== Records provided ==

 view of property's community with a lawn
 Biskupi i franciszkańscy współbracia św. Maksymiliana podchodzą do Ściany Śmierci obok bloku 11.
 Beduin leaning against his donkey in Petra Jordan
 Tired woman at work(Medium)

===
== Records provided ==

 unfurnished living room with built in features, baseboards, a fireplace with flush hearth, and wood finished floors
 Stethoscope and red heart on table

===
== Records provided ==

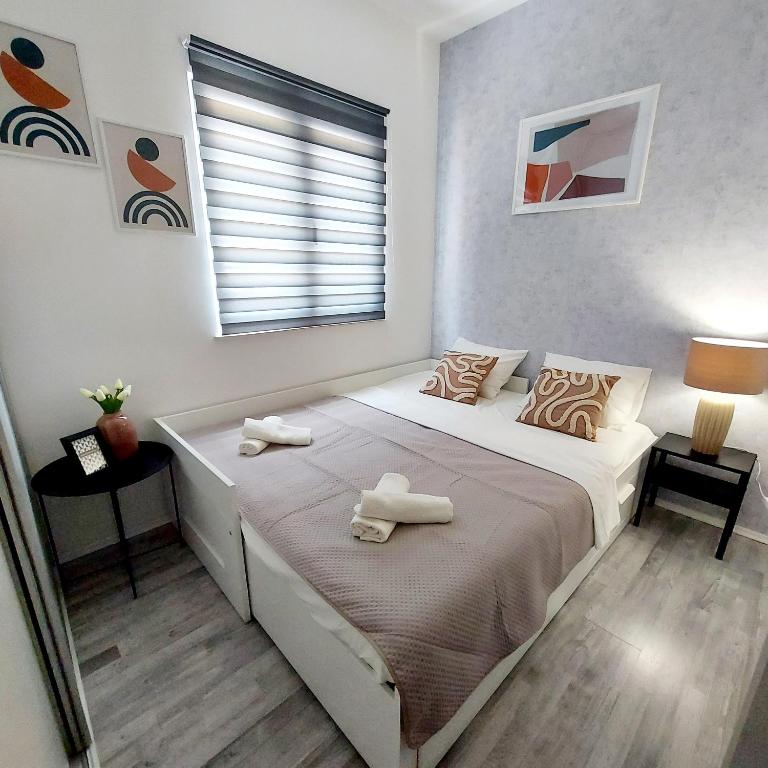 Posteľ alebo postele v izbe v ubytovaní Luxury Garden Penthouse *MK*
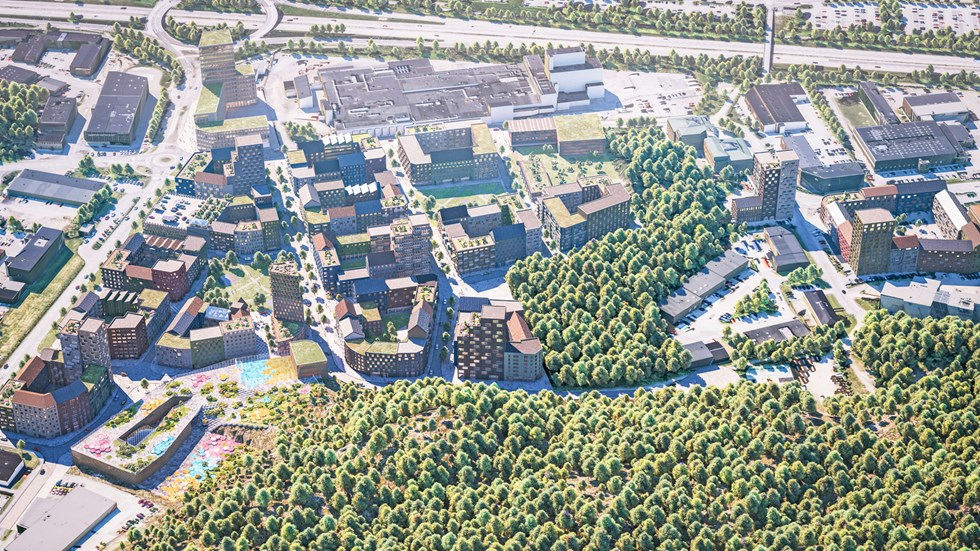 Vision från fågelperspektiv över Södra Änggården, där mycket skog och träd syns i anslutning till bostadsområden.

===

Task description
Return a copy of each line in the records above that has "with" in it.

Exercise result
 view of property's community with a lawn
 unfurnished living room with built in features, baseboards, a fireplace with flush hearth, and wood finished floors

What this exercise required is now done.